Source information below:
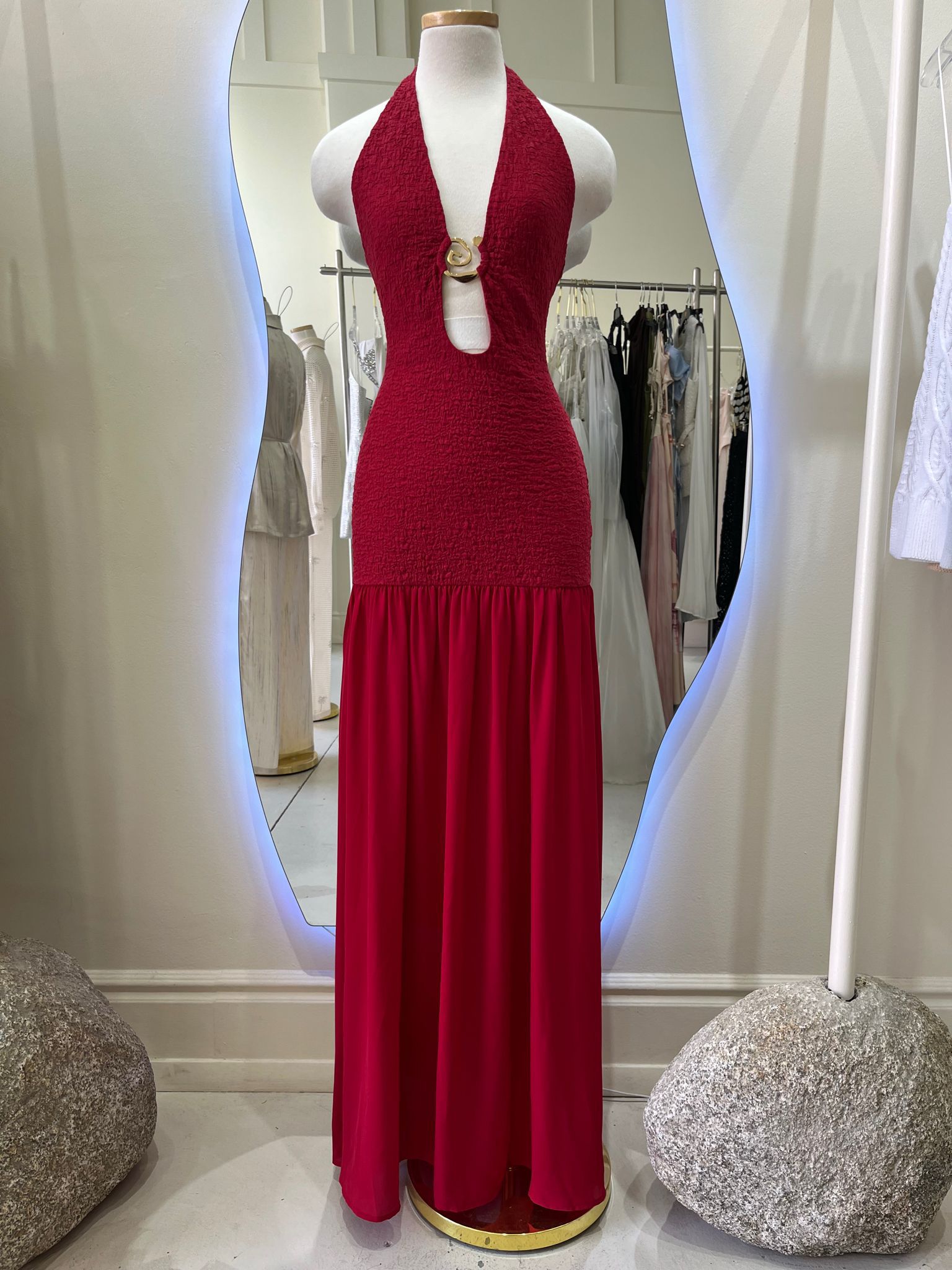 HALTER NECK SILHOUETTE LONG DRESS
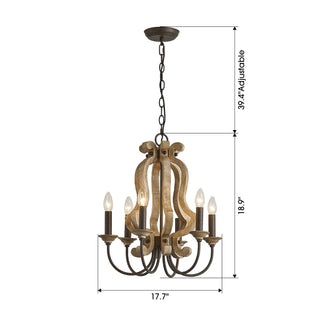 6-Light Rustic Chandelier Pendant Lighting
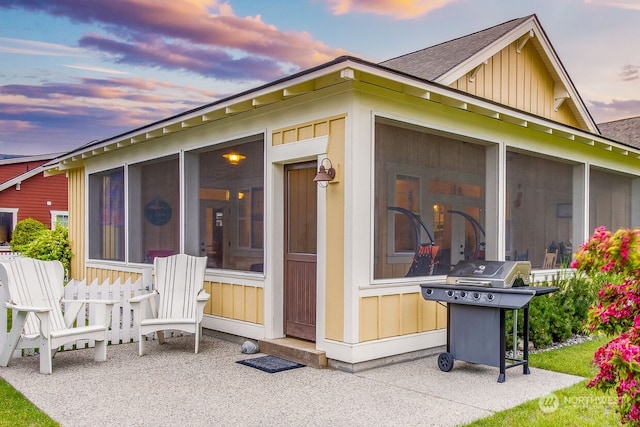 exterior space with a sunroom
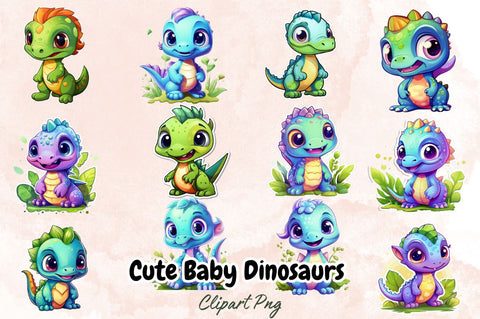 Watercolor Cute Baby Dinosaurs Stickers Bundle Sublimation Designangry 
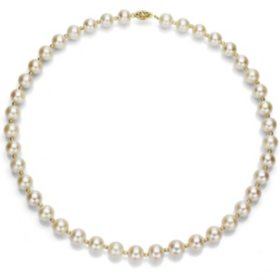 8-9 mm White Cultured Freshwater Pearl and 14k Yellow Gold Beads 18" Necklace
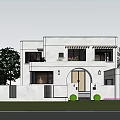 Modern Boutique Villa Exterior With White Walls Arched Doorway And Green Plants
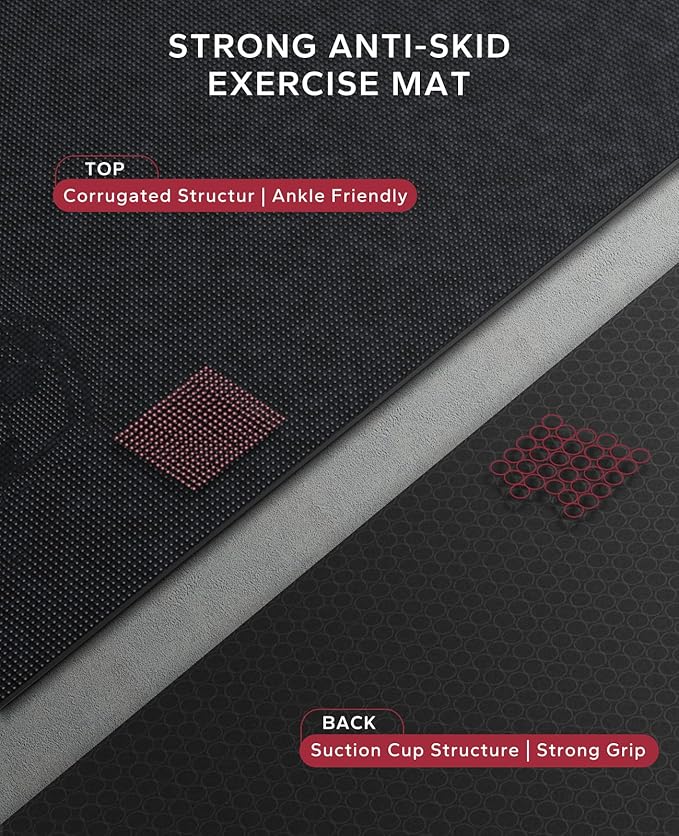 HAPBEAR Large Exercise Mat-7'x5'/6'x8'/6'x9'/6'x10'/6'x12'x8mm(1/3"),Non-Slip, Ultra Durable, Thick Workout Mat for Home Gym Flooring Cardio, Yoga for Fitness, High-Density, Shoes-Friendly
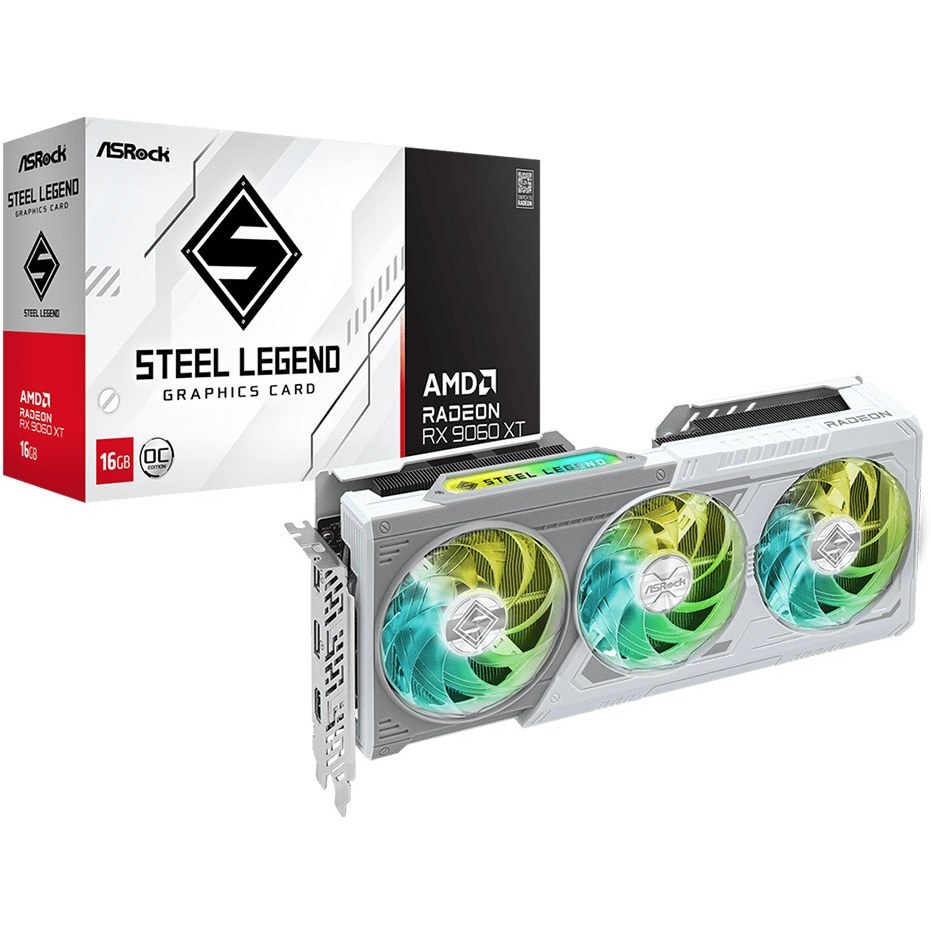 کارت گرافیک ازراک مدل AMD Radeon RX 9060 XT Steel Legend 16GB OC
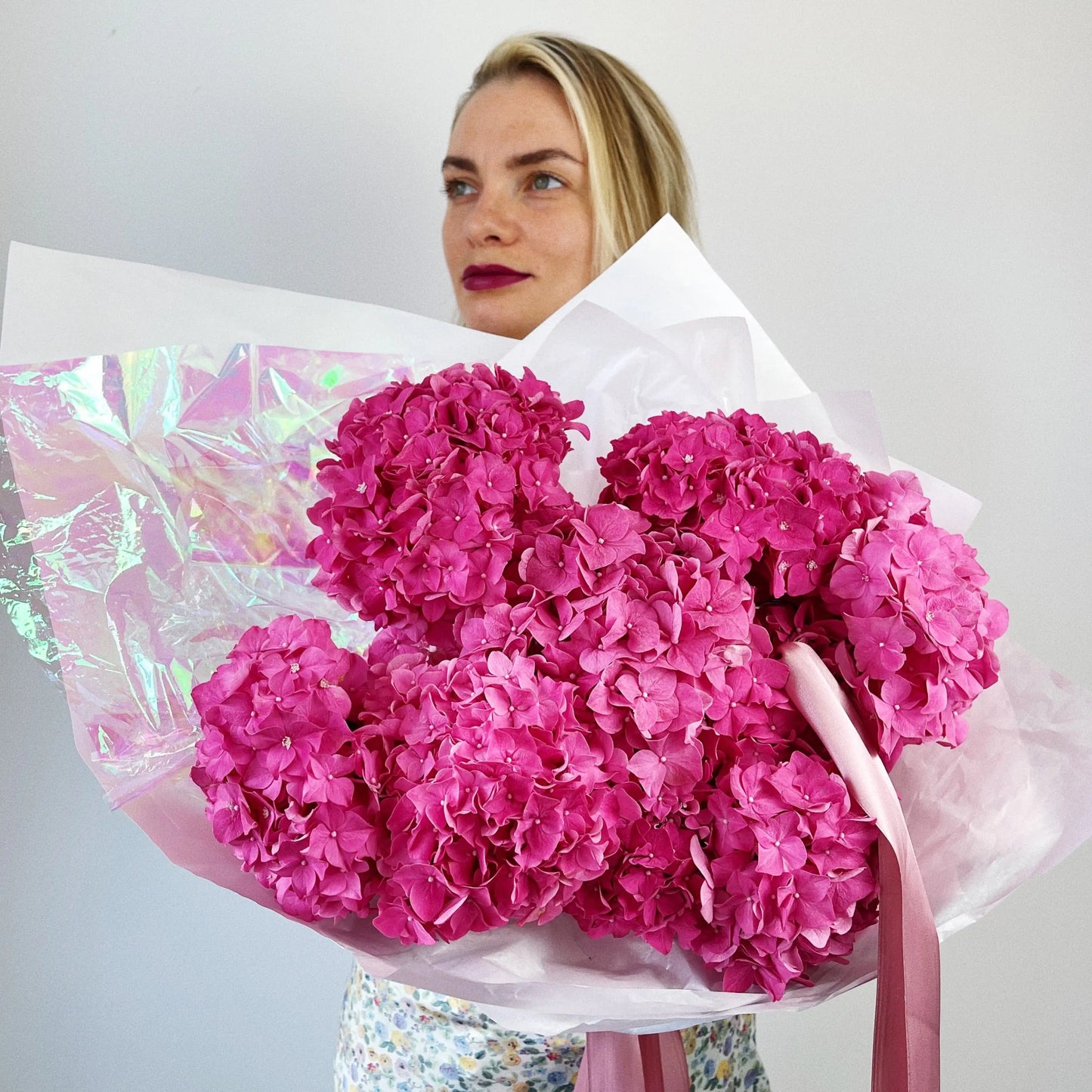 bunch of pink hydrangeas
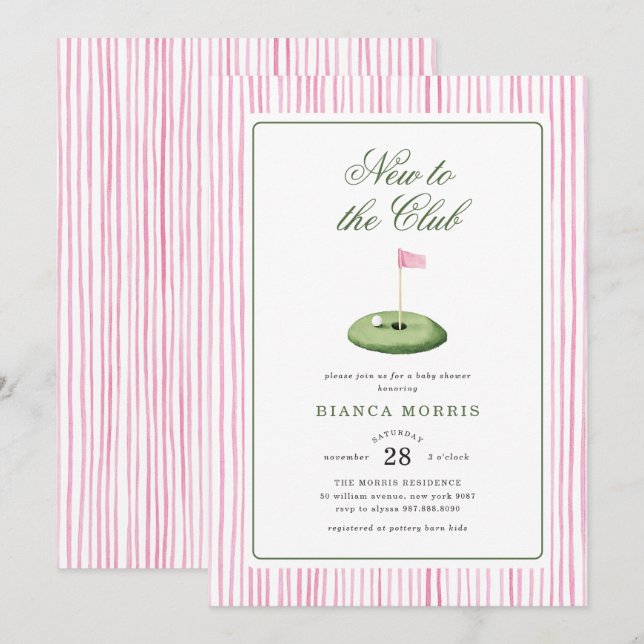 Invitation de Baby Shower de Golf Rose (Devant / Derrière)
End of Source information.
■ **Assignment**
Could you transcribe all of the data exactly, keeping every picture out of the copy?

■ **Written response**
 HALTER NECK SILHOUETTE LONG DRESS
 6-Light Rustic Chandelier Pendant Lighting
 exterior space with a sunroom
 Watercolor Cute Baby Dinosaurs Stickers Bundle Sublimation Designangry 
 8-9 mm White Cultured Freshwater Pearl and 14k Yellow Gold Beads 18" Necklace
 Modern Boutique Villa Exterior With White Walls Arched Doorway And Green Plants
 HAPBEAR Large Exercise Mat-7'x5'/6'x8'/6'x9'/6'x10'/6'x12'x8mm(1/3"),Non-Slip, Ultra Durable, Thick Workout Mat for Home Gym Flooring Cardio, Yoga for Fitness, High-Density, Shoes-Friendly
 کارت گرافیک ازراک مدل AMD Radeon RX 9060 XT Steel Legend 16GB OC
 bunch of pink hydrangeas
 Invitation de Baby Shower de Golf Rose (Devant / Derrière)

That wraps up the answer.